日本茶の湯文化史の新研究19


「ぬるき」の用例後半より。

片桐石州の「石州三百ヶ条」に、

肌あらきは黒目に持入よし、きめ細かなるは赤目に持入べし、但、つよき釜は黒く、ぬるき釜はさびいろよし、さびいろはつよきものなり

と記している。

「ぬるき釜」は「さびいろ」にするのがよく、「さびいろ」は「強きもの」であるから、「ぬるきものを強く見せるのである。

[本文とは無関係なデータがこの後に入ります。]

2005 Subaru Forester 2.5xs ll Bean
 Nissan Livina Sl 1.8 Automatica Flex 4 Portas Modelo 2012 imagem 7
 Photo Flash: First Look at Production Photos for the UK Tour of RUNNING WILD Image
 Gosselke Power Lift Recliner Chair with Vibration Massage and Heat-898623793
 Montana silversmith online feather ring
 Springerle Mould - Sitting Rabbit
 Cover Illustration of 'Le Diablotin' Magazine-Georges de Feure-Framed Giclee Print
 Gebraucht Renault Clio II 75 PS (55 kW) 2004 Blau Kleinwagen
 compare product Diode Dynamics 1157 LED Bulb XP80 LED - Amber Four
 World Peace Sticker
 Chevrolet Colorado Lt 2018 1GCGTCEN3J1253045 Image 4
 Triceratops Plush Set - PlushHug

「強き釜」と「ぬるき釜」が比較されているのだが、「強き」と「ぬるき」は正反対の関係にあるわけではなさそう。
なぜなら錆びたぬるい釜は「ぬるく」て「強い」ものなのだから。

このように茶釜を錆色にするようになったのは利休の師武野紹鴎の頃からであったことが「紹鴎遺文(「茶道古典全集第三巻」)に、

釜ノ持ナシヨウハ、古今ト替ルナリ、
古ハイカニモ真白ミガキ立テ持ヲ本トス、
当世ハサビ色ニ持ヲテガラトス、
其ハミカカスシテアラウナリ

とあることから考えられるのである。

むしろこっちがびっくりである。

昔はぴっかぴかの釜でお茶をやっていたが、今どきは錆びてる方が手柄である。
磨かずに洗えばそんな感じになるって…という話である。

でも良く考えたら、風炉の式正の茶で唐金の風炉なのである。ぴっかぴかに磨いてもなんの不自然もないのだった。